I did the right thing and went and watched my little duck on stage. It went a bit like this: "Quack. Ooooh, lovely mud. Quack" then along with 24 other little prep kids, all dressed in check shirts, jeans and gumboots, they did a little dance. (they weren't all ducks. There were cows, pigs and horses and one appropriately bossy Mrs Wishy Washy)
So, my kid's first ever school concert required my first ever school concert costume. The notice came home from school the week before, saying they needed Jeans (got those), Gumboots (check) and a Check shirt (nope...).
But I did have one of mine that I had set aside when I did my big wardrobe clean out thinking it would be perfect to cut up for the kids one day. It was a Country Road shirt made out of Lyocell - which I hadn't heard of, but is a lovely soft, fine weave with a silky, soft feel. Checking that Wikipedia link, it turns out it's Tencel without the brand name rights. Makes sense, 'cause that's how it feels.
Anyway, I had thought it could easily make a sleeveless blouse for A. I had not envisaged trying to cut a long sleeved, size 6 Sketchbook shirt for P. But I did, and check out the photo of the remnants post cutting!
I am so proud of that! I had to unpick every seam. I thought and thought about how it could all fit. Thought I had it sorted but it was late and didn't start cutting. Thank goodness, as I'd failed to realise the check pattern was decidedly unidirectional and I would have muffed it big time.

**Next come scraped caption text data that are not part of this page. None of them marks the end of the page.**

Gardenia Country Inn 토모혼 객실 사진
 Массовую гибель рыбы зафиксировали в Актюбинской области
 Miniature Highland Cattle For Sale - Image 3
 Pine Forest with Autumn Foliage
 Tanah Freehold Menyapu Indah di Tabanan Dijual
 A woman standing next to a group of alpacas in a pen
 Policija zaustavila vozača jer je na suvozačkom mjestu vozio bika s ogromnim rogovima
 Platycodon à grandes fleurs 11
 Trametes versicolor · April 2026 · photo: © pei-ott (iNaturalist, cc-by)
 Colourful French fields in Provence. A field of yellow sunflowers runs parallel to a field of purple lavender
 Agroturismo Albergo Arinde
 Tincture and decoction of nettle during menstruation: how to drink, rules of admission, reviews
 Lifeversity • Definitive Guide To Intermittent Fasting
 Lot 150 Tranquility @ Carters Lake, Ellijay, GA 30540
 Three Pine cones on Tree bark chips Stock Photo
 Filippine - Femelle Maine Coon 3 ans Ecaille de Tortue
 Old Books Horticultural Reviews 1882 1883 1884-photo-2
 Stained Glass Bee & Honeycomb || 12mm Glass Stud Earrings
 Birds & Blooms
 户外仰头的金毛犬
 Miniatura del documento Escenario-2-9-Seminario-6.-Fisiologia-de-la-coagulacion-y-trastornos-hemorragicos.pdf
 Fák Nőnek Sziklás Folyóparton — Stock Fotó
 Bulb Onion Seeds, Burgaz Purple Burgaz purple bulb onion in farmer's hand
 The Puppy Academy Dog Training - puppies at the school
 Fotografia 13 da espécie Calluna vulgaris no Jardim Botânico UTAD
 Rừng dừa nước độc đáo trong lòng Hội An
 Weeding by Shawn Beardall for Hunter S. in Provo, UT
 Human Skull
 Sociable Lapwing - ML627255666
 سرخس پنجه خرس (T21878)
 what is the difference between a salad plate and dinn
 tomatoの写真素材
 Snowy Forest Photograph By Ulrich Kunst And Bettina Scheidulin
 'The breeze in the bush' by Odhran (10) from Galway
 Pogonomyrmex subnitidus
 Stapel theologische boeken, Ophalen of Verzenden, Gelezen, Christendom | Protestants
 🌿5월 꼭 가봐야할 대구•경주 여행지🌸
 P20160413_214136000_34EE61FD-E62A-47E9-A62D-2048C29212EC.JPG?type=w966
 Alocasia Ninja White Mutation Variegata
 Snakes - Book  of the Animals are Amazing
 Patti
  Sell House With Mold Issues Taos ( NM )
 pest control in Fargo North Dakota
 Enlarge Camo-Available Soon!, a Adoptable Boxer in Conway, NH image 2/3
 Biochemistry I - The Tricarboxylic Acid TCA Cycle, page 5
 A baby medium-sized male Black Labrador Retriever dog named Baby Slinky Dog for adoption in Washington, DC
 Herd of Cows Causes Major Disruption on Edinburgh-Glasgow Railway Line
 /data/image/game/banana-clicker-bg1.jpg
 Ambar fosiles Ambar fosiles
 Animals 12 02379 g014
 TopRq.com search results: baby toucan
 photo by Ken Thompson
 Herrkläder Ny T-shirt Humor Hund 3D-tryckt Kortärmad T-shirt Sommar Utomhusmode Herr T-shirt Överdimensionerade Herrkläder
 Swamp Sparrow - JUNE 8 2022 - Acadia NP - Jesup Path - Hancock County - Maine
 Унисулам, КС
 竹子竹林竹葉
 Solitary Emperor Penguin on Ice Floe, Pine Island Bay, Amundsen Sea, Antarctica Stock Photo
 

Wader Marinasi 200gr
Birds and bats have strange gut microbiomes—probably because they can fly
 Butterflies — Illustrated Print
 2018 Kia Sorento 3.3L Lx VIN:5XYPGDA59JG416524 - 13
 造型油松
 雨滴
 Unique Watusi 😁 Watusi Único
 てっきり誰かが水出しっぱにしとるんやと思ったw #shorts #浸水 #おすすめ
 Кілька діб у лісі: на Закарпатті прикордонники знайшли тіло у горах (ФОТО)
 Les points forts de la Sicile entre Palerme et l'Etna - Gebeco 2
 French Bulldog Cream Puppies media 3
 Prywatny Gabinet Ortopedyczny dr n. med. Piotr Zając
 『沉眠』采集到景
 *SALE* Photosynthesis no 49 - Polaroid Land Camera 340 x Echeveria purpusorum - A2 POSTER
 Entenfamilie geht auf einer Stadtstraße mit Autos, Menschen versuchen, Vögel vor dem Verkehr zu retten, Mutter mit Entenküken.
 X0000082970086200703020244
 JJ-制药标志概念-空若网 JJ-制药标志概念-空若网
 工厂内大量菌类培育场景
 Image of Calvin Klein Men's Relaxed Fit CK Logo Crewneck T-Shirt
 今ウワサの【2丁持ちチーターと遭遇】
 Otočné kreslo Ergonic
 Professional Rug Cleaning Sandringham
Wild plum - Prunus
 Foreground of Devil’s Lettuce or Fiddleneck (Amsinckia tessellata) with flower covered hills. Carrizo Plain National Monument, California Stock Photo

More thinking, more laying out pieces and I finally got it sorted.
I managed to cut every piece (I'd almost resigned myself to a different fabric for the inner yoke and the under collar) and I even added 1 inch to the length and 3/4" to the sleeves. Woohoo!
I didn't allow myself to entertain the idea of much pattern matching, but did try to get the front pieces and at least the uppermost placket to match. With some freaky sewing luck, one side seam also matches perfectly (but not the other) and bizarrely, without the slightest intention, the upper and under collar were absolutely spot-on.
|An in-progress photo that had to go immediately to facebook!|
Kind of pointlessly exciting because once that seam is pressed and the collar stitched you'd never notice, but weirdly thrilling all the same, hey?!
Speaking of stitching, I edgestitched and topstitched everything, giving it more of a country feel. The sleeve seams are pressed towards the shoulder and edgestitched and topstitched too. The side seams were flat felled, which is so easy to do with lovely soft, fine fabric. I've previously only done it with denim and thicker terry knit and found it to be a truly painful way to sew seams. This fabric resold me on the idea.
I had really wanted the back yoke on the bias, and while it's got a line of needle holes across it from an old seam, I managed it. The main back panel is cut about 1/2 an inch off the fold making the box pleat a bit scanty compared to the original pattern, but that was my only concession required to get it all out of the one thrifted shirt.
You can't beat this pattern for instructions like the sleeve placket. So neat and satisfying. (what's not looking so good is photos using the old D80 camera body and pushing the ISO in order to avoid using the flash - so grainy)
Love the fabric, love the pattern, LOVE the challenge of getting it all cut from one old shirt and REALLY, REALLY LOVE my little duck!